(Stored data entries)
____________

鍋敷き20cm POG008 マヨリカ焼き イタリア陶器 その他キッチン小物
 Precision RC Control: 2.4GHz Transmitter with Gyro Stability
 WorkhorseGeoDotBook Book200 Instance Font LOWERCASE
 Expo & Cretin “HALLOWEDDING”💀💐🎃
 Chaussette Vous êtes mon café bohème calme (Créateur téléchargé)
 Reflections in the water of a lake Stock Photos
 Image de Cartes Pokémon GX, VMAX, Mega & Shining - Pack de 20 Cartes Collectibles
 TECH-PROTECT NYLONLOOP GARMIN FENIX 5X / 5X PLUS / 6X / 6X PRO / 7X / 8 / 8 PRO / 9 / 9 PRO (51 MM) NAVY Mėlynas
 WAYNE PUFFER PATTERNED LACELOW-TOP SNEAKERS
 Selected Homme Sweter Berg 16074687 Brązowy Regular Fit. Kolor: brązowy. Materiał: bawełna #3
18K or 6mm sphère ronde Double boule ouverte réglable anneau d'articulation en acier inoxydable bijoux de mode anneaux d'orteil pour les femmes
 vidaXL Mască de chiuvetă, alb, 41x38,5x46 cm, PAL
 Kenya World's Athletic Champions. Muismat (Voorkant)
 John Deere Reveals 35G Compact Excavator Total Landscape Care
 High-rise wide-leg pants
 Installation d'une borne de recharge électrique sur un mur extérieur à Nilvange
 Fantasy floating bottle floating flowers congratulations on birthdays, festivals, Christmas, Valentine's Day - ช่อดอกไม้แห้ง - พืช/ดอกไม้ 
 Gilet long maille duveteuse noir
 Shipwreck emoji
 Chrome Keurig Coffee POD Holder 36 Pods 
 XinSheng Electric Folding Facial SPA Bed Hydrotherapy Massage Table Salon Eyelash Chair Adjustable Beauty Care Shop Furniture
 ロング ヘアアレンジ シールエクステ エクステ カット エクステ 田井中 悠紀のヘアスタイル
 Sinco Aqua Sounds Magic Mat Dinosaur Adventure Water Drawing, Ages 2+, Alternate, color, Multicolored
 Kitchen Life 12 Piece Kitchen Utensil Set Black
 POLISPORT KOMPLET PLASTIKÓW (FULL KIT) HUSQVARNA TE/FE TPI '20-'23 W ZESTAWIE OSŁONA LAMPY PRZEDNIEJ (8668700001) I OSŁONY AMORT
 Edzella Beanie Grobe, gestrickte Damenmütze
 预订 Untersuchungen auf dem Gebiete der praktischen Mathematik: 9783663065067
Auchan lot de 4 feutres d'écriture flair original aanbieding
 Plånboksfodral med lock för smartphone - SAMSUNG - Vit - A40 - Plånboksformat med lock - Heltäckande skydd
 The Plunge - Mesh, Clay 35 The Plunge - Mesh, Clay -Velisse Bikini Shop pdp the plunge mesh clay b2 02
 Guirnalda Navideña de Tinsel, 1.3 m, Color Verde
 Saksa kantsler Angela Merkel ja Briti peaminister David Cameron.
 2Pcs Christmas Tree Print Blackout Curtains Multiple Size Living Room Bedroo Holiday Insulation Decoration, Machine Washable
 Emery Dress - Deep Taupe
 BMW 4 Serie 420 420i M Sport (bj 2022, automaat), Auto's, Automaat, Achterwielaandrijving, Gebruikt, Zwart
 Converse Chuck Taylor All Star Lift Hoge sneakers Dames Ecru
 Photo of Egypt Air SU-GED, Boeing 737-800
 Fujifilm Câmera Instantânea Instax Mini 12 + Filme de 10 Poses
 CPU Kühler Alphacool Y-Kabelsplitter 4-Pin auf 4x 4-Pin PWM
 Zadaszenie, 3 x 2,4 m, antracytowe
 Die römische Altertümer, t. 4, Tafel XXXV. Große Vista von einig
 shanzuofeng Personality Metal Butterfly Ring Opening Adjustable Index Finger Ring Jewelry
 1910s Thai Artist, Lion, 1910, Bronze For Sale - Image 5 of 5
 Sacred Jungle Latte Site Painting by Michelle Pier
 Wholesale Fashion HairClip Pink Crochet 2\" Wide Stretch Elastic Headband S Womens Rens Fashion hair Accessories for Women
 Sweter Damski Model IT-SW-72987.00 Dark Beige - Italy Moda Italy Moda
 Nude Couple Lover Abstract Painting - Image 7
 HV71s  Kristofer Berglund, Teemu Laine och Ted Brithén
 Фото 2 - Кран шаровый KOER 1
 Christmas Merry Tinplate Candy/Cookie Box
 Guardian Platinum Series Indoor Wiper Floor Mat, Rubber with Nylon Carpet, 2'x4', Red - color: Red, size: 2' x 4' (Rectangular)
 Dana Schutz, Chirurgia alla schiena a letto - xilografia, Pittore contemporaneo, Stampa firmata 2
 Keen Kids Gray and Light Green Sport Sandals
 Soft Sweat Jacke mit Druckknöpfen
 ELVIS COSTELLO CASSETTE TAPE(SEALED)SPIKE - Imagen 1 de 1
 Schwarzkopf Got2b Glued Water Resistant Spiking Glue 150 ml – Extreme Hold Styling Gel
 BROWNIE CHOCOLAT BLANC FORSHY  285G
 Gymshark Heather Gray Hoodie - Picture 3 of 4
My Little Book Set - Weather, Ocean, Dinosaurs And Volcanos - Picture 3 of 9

____________

=== Required work ===
In the records above, the line with "vidaXL Mască de" marks the start and the line with "XinSheng Electric Folding" marks the end; copy that stretch exactly, both lines included, and nothing else.

=== Solution ===
 vidaXL Mască de chiuvetă, alb, 41x38,5x46 cm, PAL
 Kenya World's Athletic Champions. Muismat (Voorkant)
 John Deere Reveals 35G Compact Excavator Total Landscape Care
 High-rise wide-leg pants
 Installation d'une borne de recharge électrique sur un mur extérieur à Nilvange
 Fantasy floating bottle floating flowers congratulations on birthdays, festivals, Christmas, Valentine's Day - ช่อดอกไม้แห้ง - พืช/ดอกไม้ 
 Gilet long maille duveteuse noir
 Shipwreck emoji
 Chrome Keurig Coffee POD Holder 36 Pods 
 XinSheng Electric Folding Facial SPA Bed Hydrotherapy Massage Table Salon Eyelash Chair Adjustable Beauty Care Shop Furniture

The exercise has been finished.